Exercise instructions
Below are records; the lines starting at the one with "Lookup: Chainsaw Man - Power (Repeat)" and ending at the one with "Vibe_Review_Autta_First_Album_SPACEBAR_Thumbnail_d2c86b79ab.jpeg" must be reproduced exactly, both included. Pictures must not appear.

[[ The input open ]]

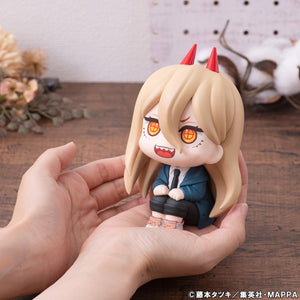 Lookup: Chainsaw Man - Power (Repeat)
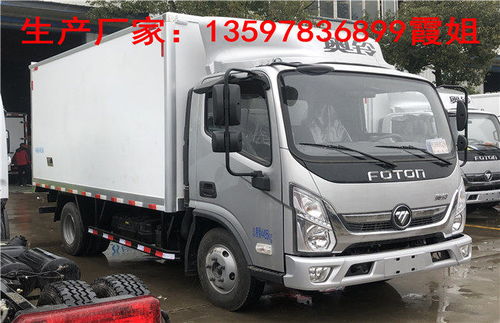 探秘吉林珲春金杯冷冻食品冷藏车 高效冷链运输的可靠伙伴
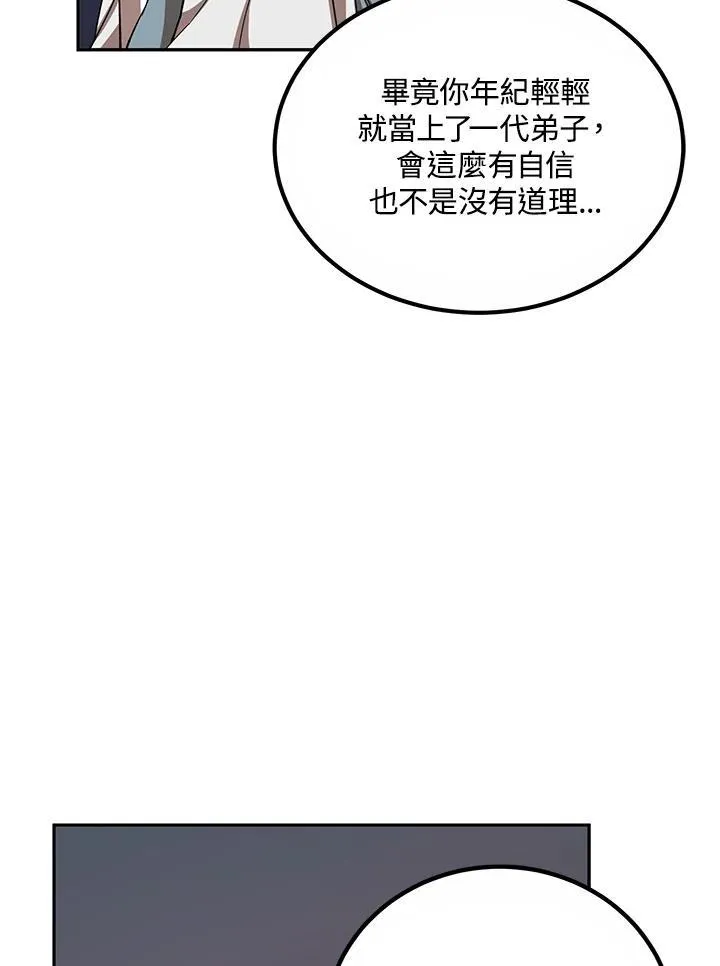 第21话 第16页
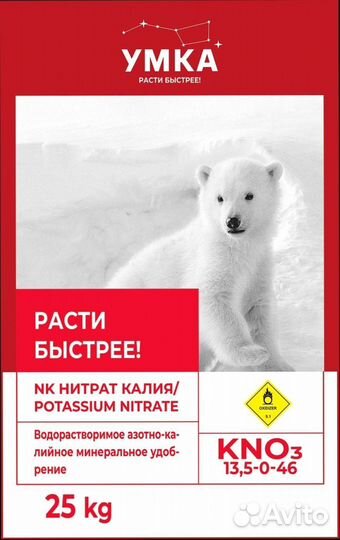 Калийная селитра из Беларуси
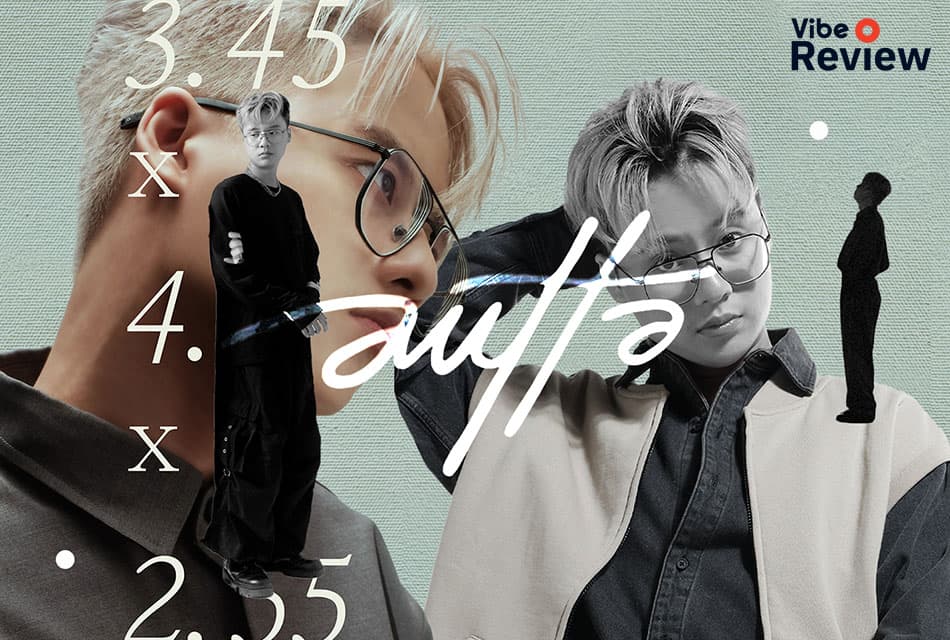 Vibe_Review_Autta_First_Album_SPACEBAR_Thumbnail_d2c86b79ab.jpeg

[[ The input closed ]]
[[ The input open ]]

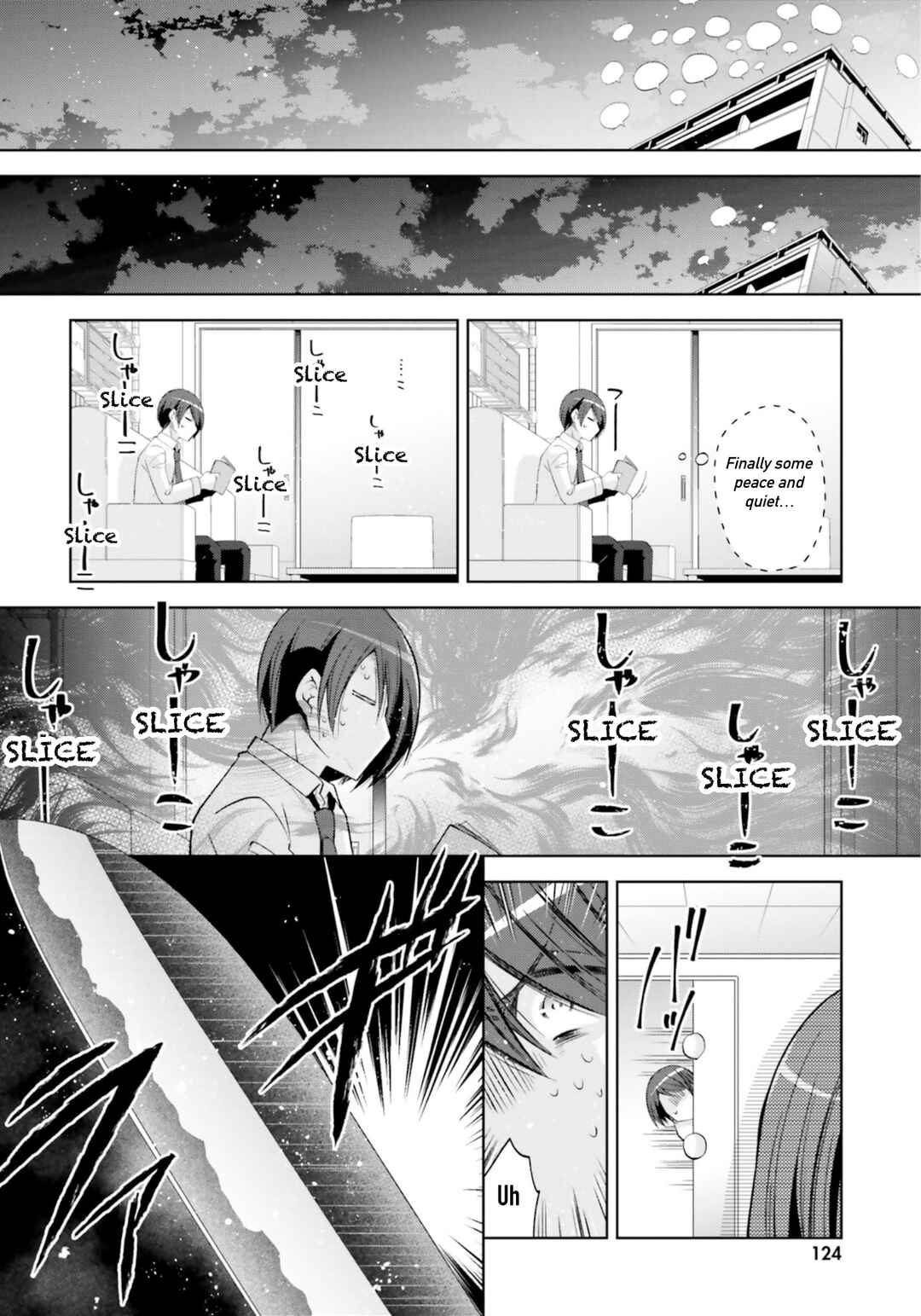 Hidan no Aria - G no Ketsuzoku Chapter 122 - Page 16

[[ The input closed ]]

Response to this task
 Lookup: Chainsaw Man - Power (Repeat)
 探秘吉林珲春金杯冷冻食品冷藏车 高效冷链运输的可靠伙伴
 第21话 第16页
 Калийная селитра из Беларуси
 Vibe_Review_Autta_First_Album_SPACEBAR_Thumbnail_d2c86b79ab.jpeg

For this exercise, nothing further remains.